Wer gibt diese Empfehlungen?

fussel

herrschaftshierarchien entstehen aus dem willen mindestens zweier menschen! einer, der willig ist, beherrscht zu werden, um dafür andere vorteile zu erlangen, und einer der herrschen will, um andere vorteile zu erlangen und um vor allem macht auszuüben. herrschaft ist so bei mir, das besitzen von macht.
macht richtet sich bei mir nach der klassischen definition von max weber: "macht bedeutet jede chance, innerhalb einer sozialen beziehung den eigenen willen auch gegen widerstreben durchzusetzen, gleichviel, worauf diese chance beruht."

nein, du musst dich nicht dem urteil der richter beugen, allerdings solltest du es nicht versuchen, da dann ihr urteil wahrscheinlich härter ausfallen würde, denn sie handeln nach empfehlungen, wie schon gesagt als richtlinien, wie sich bisher verhalten wurde und es auch moralisch vertretbar ist.

jetzt kommen wir zum knackpunkt der ganzen sache: die empfehlungen kommen von zwei quellen:
1. der erfahrung, wie es bisher gehandhabt wurde.
2. dem moralkodex, der zu jeder zeit bei jeder person unterschiedlich ist.
die zweite quelle dient auch zur ständigen überprüfung von althergebrachten empfehlungen, ob man sie denn in einer anderen zeit noch befolgen könnte.
um bei 2. zu subjektiv geprägte urteile zu vermeiden, würde ich vorschlagen immer mehrere richter in einem fall urteilen zu lassen.
 
AW: Gesetze sind nicht praktikabel

Hallo in die Runde.

Ich erlaube mir, meinen Beitrag von heute vormittag zum besseren Verständnis hier nochmal reinzustellen:

Der Richter ist prinzipiell zu 100 % dem Gesetz unterworfen. Das entspricht schon dem Prinzip der Gewaltenteilung, denn nicht er entscheidet über das Bestehen der Gesetze, sondern der Souverain bzw. die Legislative. Folglich muß er seine Ermessensentscheidungen, sofern er die im Einzelfall hat (vornehmlich im öffentlichen Recht) immer einer sog. teleologischen Auslegung unterziehen. Das heißt er muß sie immer vor dem Hintergrund beurteilen, was der Gesetzgeber mit der Schaffung der Norm bezwecken wollte.
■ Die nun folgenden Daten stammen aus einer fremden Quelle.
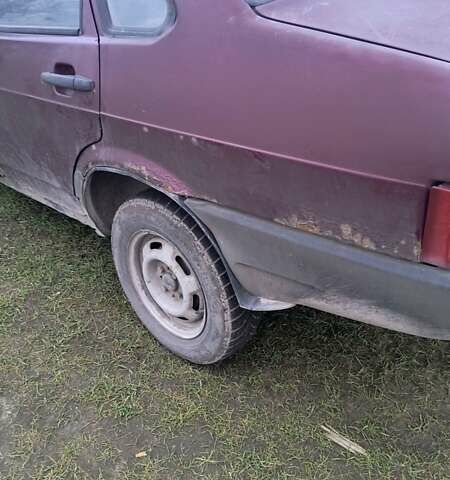 Фиолетовый ВАЗ 21099, объемом двигателя 1.6 л и пробегом 270 тыс. км за 828 $, фото 5 на Automoto.ua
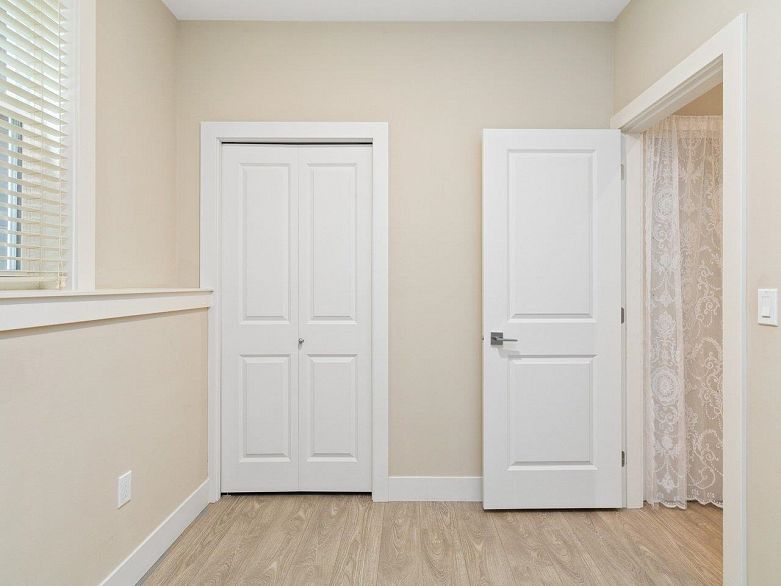 102 4577 Slocan Street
Das kann freilich zu gewaltigen Gewissenskonflikten führen, denn es gibt nicht nur gute, sondern auch weniger gute und teilweise auch lückenhafte Gesetze. Deshalb hat sich in der Praxis so etwas wie eine richterliche Rechtsfortbildung entwickelt, die oft auch zu Korrekturen (z.B. Analogien) führen kann. Oft führt dies dazu, daß die Legislative reagieren muß. Trotzdem sollen auch diese sich im Rahmen der Zweckrichtung bewegen.
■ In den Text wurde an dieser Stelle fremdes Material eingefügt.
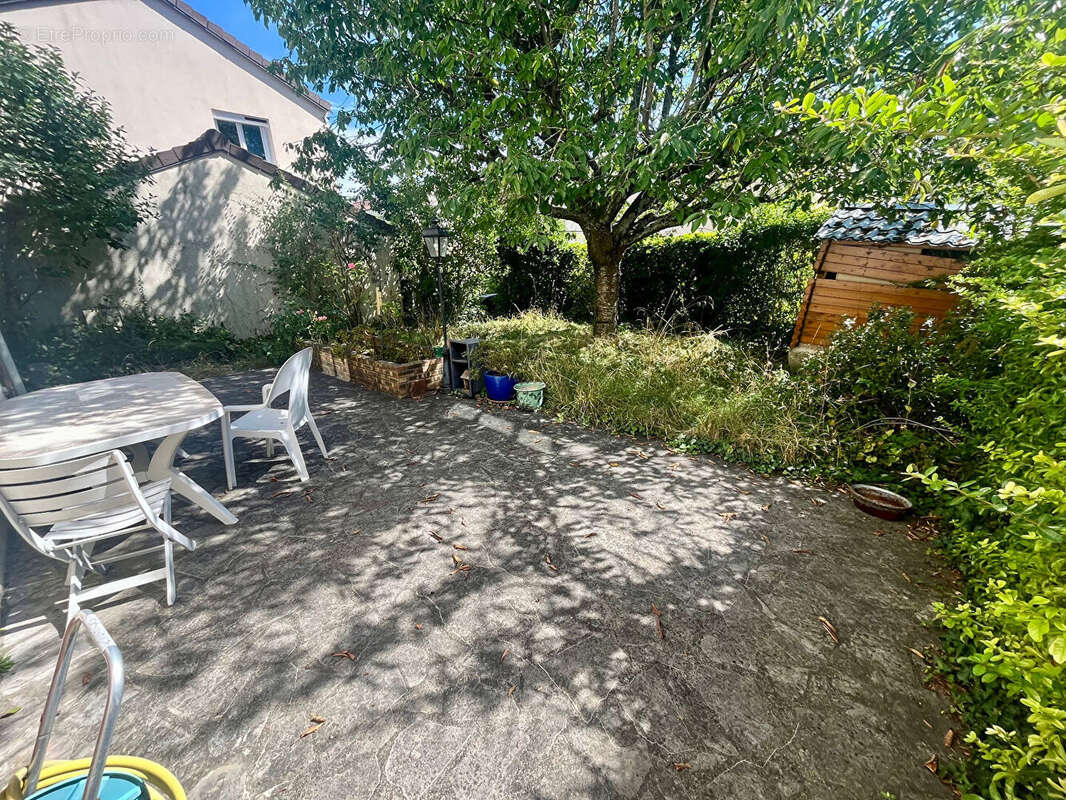 Maison à VILLEPREUX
Zudem füllt ein Richter natürlich die Rechtsnormen im gesellschaftlichen Kontext aus, er sollte es jedenfalls. Da die gesellschaftlichen Wertvorstellungen sich stetig verändern, verändert sich oft auch die Anwendung der Rechtsnormen (Beispiel: sittliche Vorstellungen).
Zugleich muß er aber auch die Normen schützen.

Fazit: Ich bekenne mich als Legalist, wohlwissend der Grenzen der Gesetzestreue. Aber ein besseres System gibt es nicht.

Viele Grüße
Zwetsche
 
Also, liebe Zwetsche,

wenn Du nicht Jus studierst oder Juristin bist - fresse ich einen Besen.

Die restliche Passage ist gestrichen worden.